Your answer should be the records, copied exactly, with the pictures removed.

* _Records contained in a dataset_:
··········

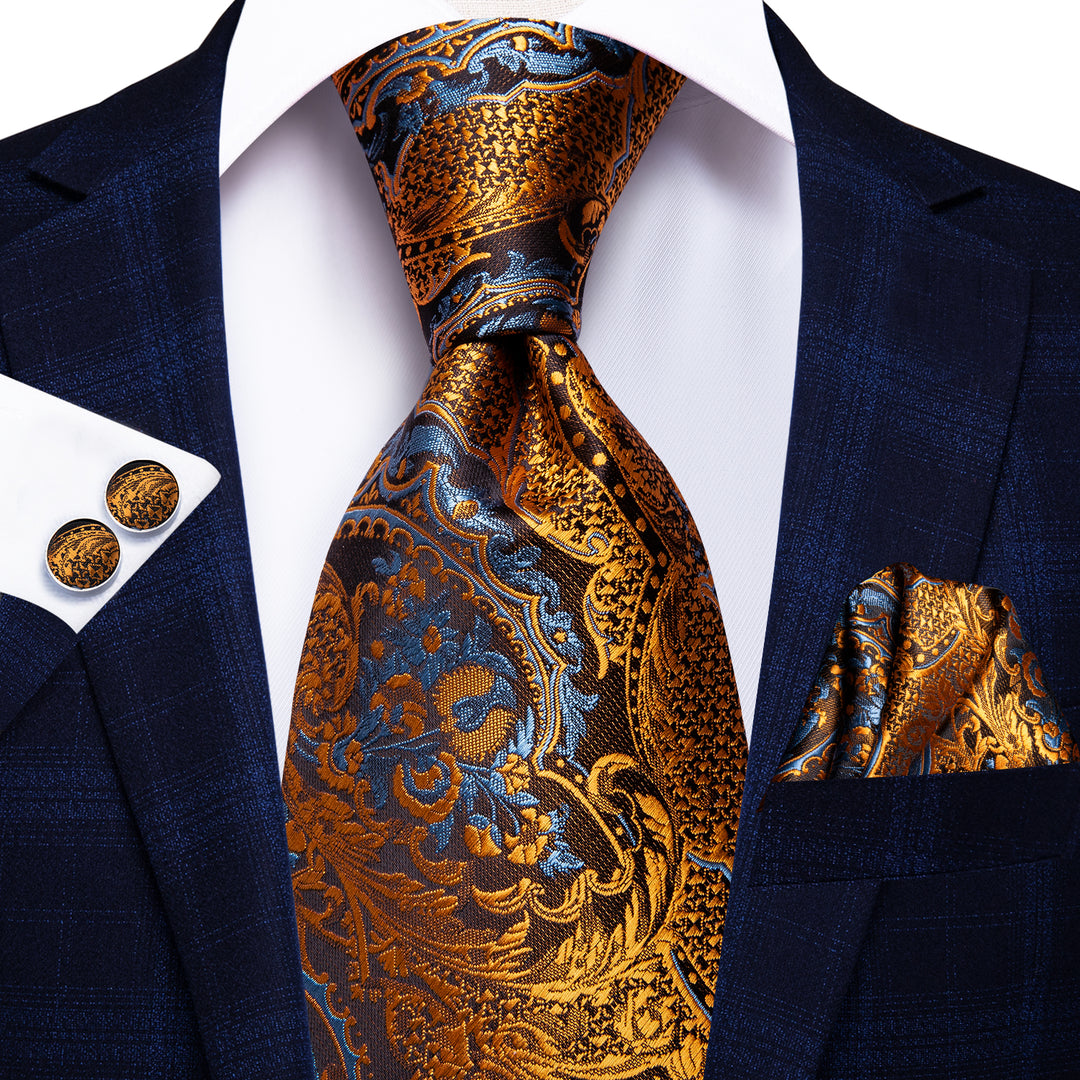 Luxury Silk Floral Black Gold Paisley Tie Set with Pocket Square & Cufflinks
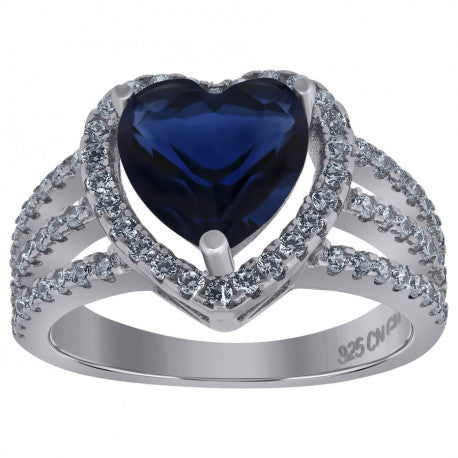 925 Sterling Silver Cz Heart Ring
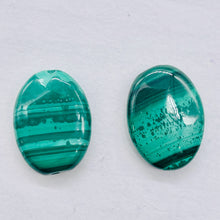 Load image into Gallery viewer, Natural Malachite Oval Coin Beads | Green | 18x13x4mm | 2 Beads |
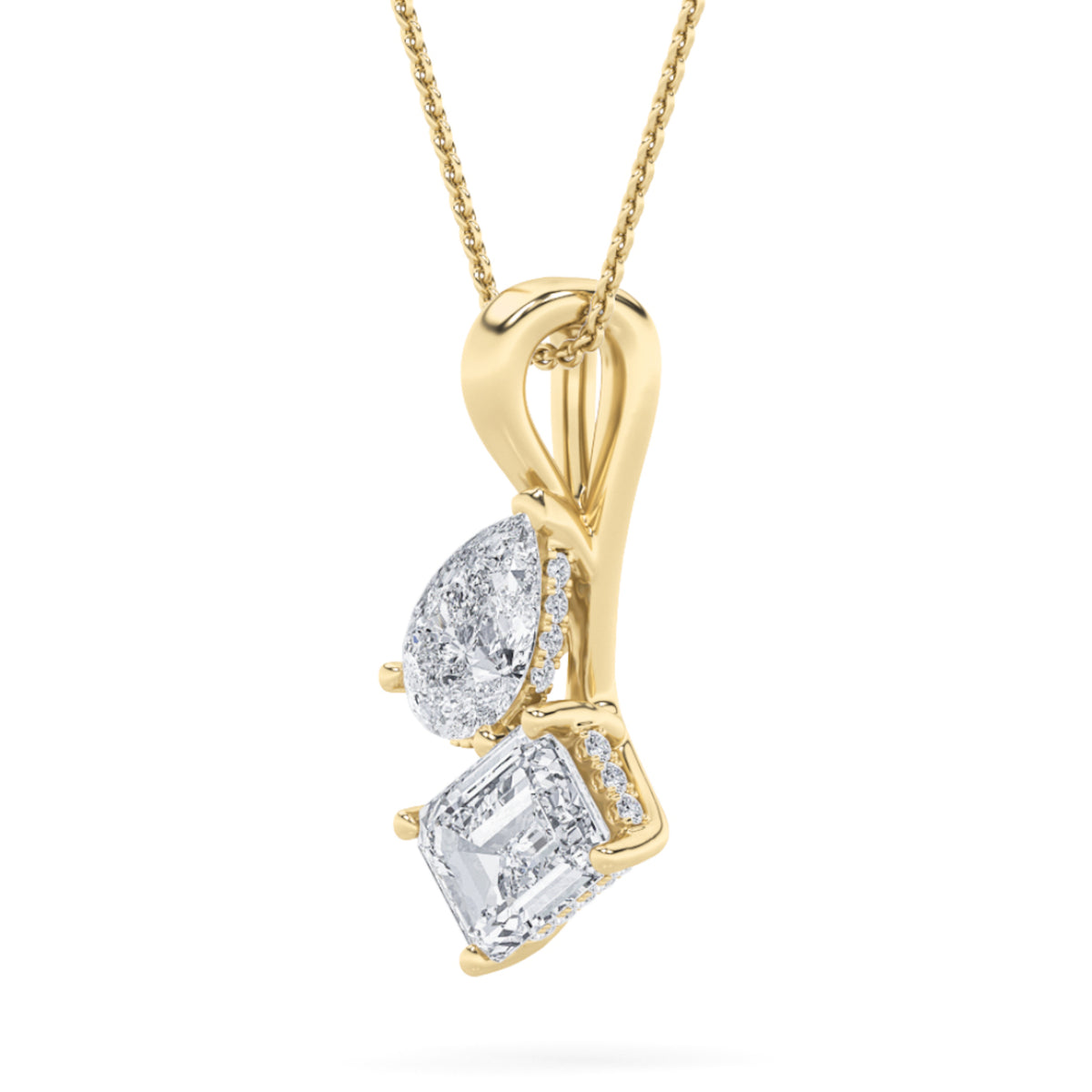 3Cttw Radiant Shaped Lab Grown Diamond (F/VS) TOIEt Moi Fashion Pendant in 14K Gold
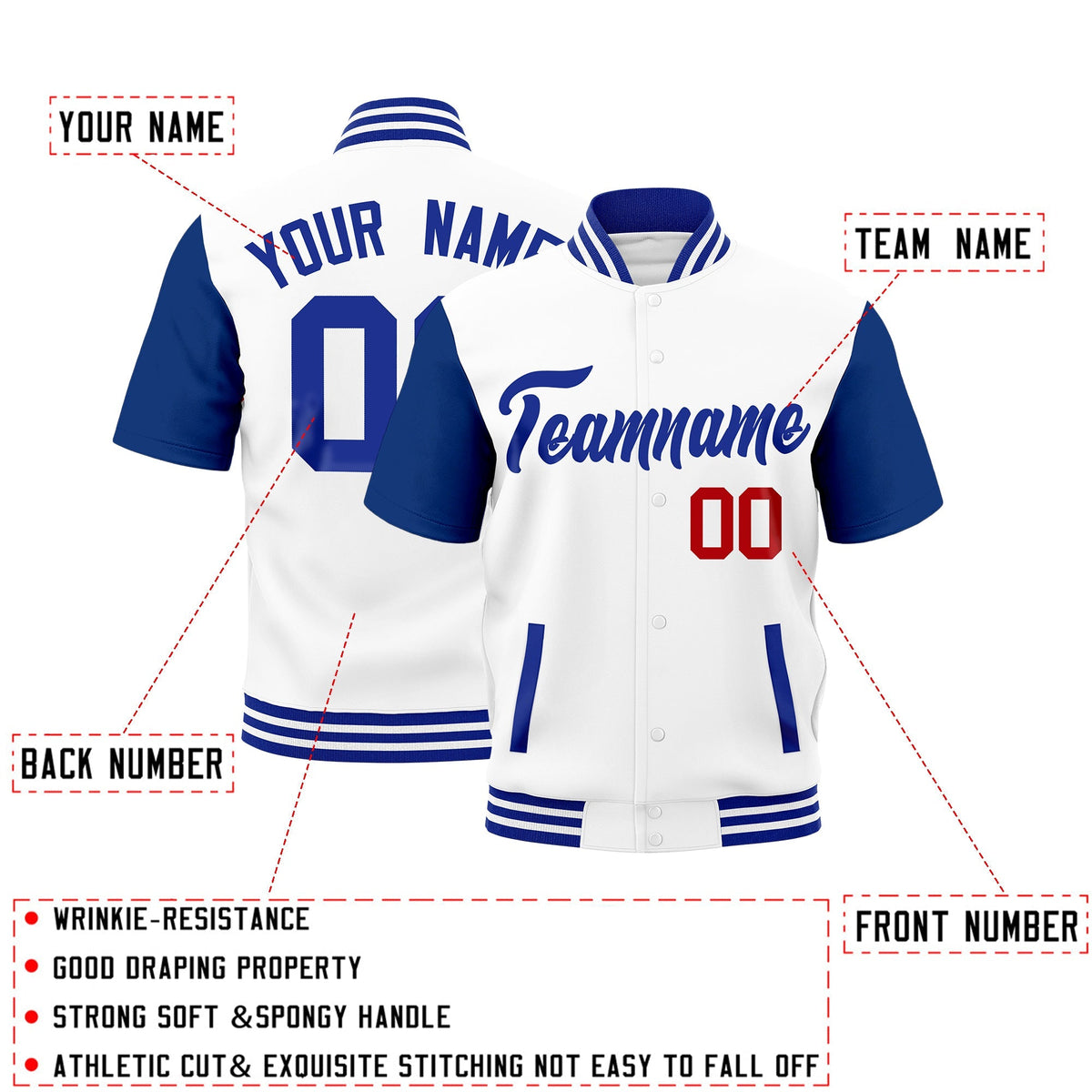 Custom Royal Blue White Full-Snap Classic Style Jacket| KXKSHOP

··········

* _THE ANSWER_:
 Luxury Silk Floral Black Gold Paisley Tie Set with Pocket Square & Cufflinks
 925 Sterling Silver Cz Heart Ring
 Load image into Gallery viewer, Natural Malachite Oval Coin Beads | Green | 18x13x4mm | 2 Beads |
 3Cttw Radiant Shaped Lab Grown Diamond (F/VS) TOIEt Moi Fashion Pendant in 14K Gold
 Custom Royal Blue White Full-Snap Classic Style Jacket| KXKSHOP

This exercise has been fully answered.